[Opening Information shown section]
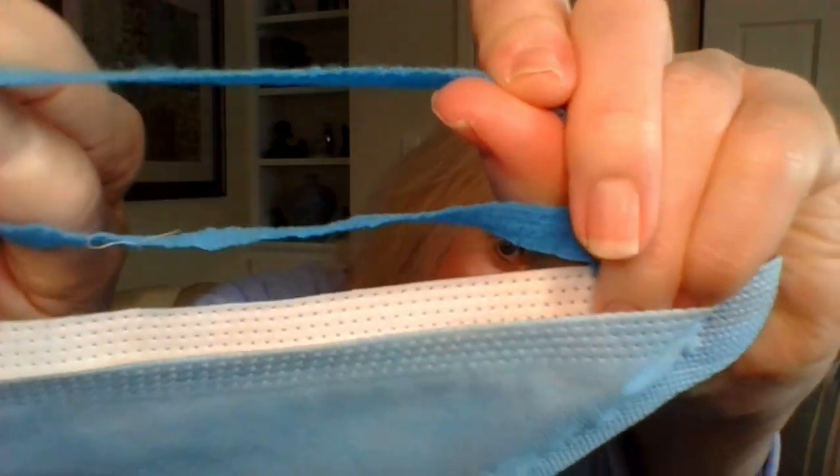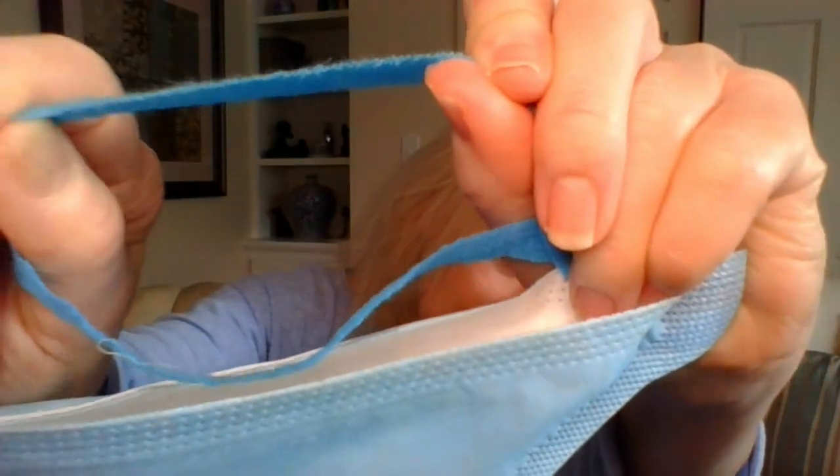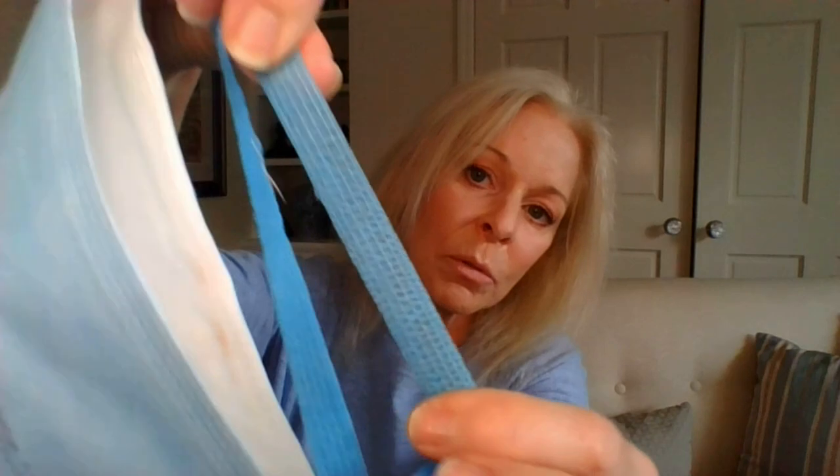I want to give a close-up of the straps so you can see. Like I said, it's kind of like a crepe paper but very elastic — really very soft and really very thin. They sort of feel like that material that surgical gowns are made of with just tiny threads of elastic going through it. I really do like these straps. I find that they're very comfortable, and the fact that they're wide I think contributes to a lot of comfort as well.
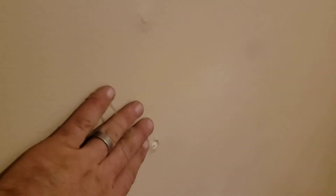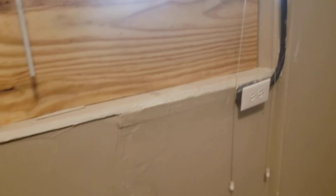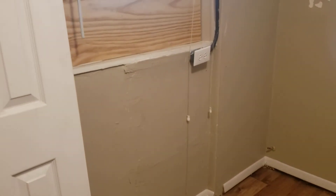The floor is in good shape. Smoke alarm needs a battery. Going to re-texture that line a little bit over here too. I told them to re-mud it, make it level.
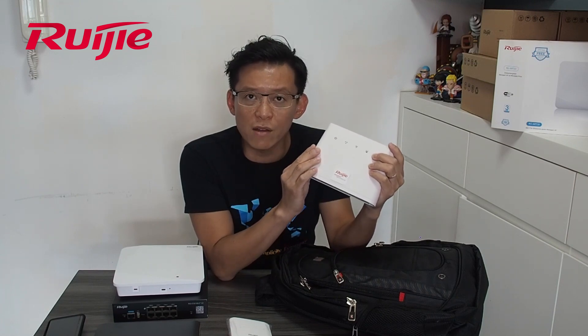When we go to the customer site, we need an internet connection. So I also bring along our 4G router to show internet connectivity via the 4G connection. You can see this is all the things in the demo kit.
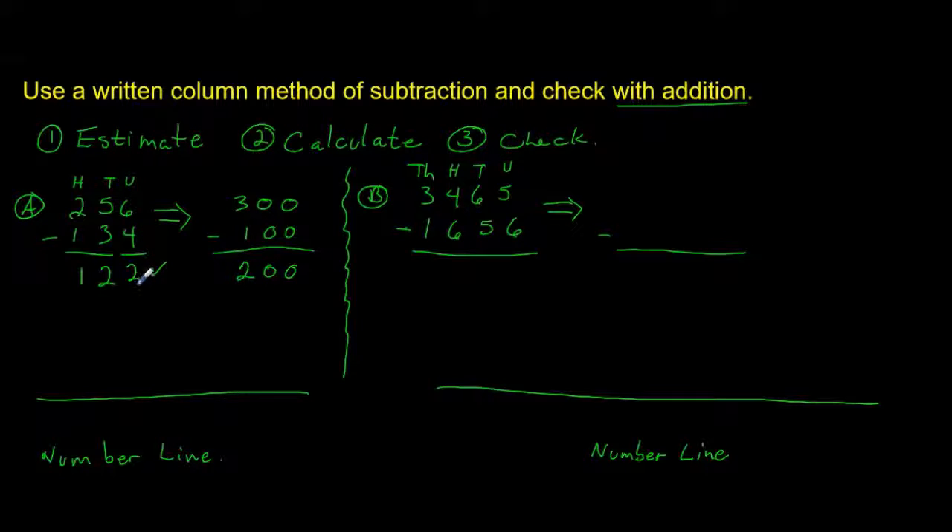We're going to use addition and we're going to start with 134. I like sets of 10, so we're going to go: one set of 10 leaves us with 144; another set of 10 is 154; another set of 10 is 164. I think we're going to run out of room, so we're going to add another 30.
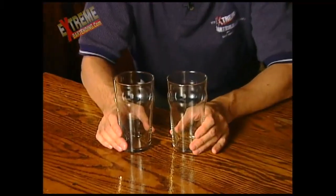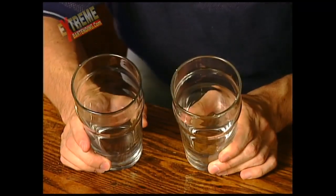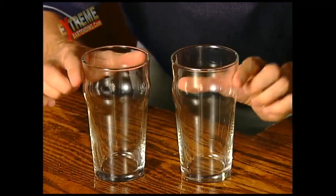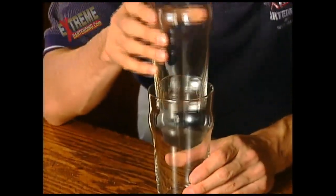Here's a trick you can do with two glasses. They are a specific type of glass — get a close-up shot of that. These are just an average pint glass that you can get in a lot of places. They're fairly thin, and you can see it's got a little bit of that bump there. What you want to do is place one inside of the other.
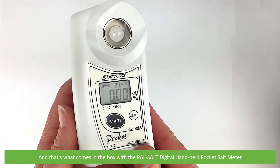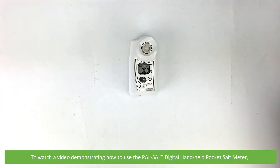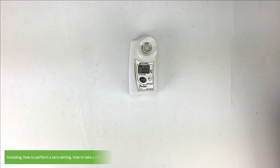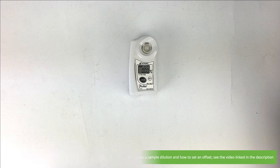And that's what comes in the box with the PAL SALT Digital Handheld Pocket Salt Meter. To watch a video demonstrating how to use the PAL SALT — including how to perform zero setting, how to take a measurement, how to prepare a sample dilution, and how to set an offset — see the video linked in the description.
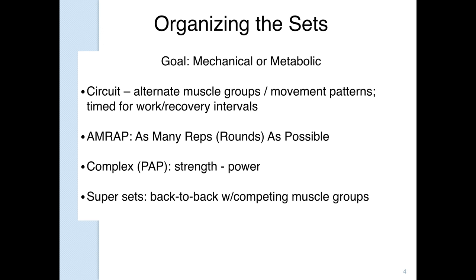Organizing the sets depends on whether your goal is mechanical or metabolic. Are you developing a skill — improving their ability to do a certain amount or type of work — or are you working on conditioning, which is work capacity? One way is circuit training, which is alternating muscle groups or movement patterns. You do an exercise for certain repetitions or for time, then alternate. For example: an upper body push, followed by a single-leg lower body movement, followed by an upper body pull, followed by a bilateral squat. As your upper body works, your lower body rests.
[Closing Information shown section]
• What you are asked to do
Without copying any picture, repeat all of the entries exactly.

• Finished task
I want to give a close-up of the straps so you can see. Like I said, it's kind of like a crepe paper but very elastic — really very soft and really very thin. They sort of feel like that material that surgical gowns are made of with just tiny threads of elastic going through it. I really do like these straps. I find that they're very comfortable, and the fact that they're wide I think contributes to a lot of comfort as well.
The floor is in good shape. Smoke alarm needs a battery. Going to re-texture that line a little bit over here too. I told them to re-mud it, make it level.
When we go to the customer site, we need an internet connection. So I also bring along our 4G router to show internet connectivity via the 4G connection. You can see this is all the things in the demo kit.
We're going to use addition and we're going to start with 134. I like sets of 10, so we're going to go: one set of 10 leaves us with 144; another set of 10 is 154; another set of 10 is 164. I think we're going to run out of room, so we're going to add another 30.
Here's a trick you can do with two glasses. They are a specific type of glass — get a close-up shot of that. These are just an average pint glass that you can get in a lot of places. They're fairly thin, and you can see it's got a little bit of that bump there. What you want to do is place one inside of the other.
And that's what comes in the box with the PAL SALT Digital Handheld Pocket Salt Meter. To watch a video demonstrating how to use the PAL SALT — including how to perform zero setting, how to take a measurement, how to prepare a sample dilution, and how to set an offset — see the video linked in the description.
Organizing the sets depends on whether your goal is mechanical or metabolic. Are you developing a skill — improving their ability to do a certain amount or type of work — or are you working on conditioning, which is work capacity? One way is circuit training, which is alternating muscle groups or movement patterns. You do an exercise for certain repetitions or for time, then alternate. For example: an upper body push, followed by a single-leg lower body movement, followed by an upper body pull, followed by a bilateral squat. As your upper body works, your lower body rests.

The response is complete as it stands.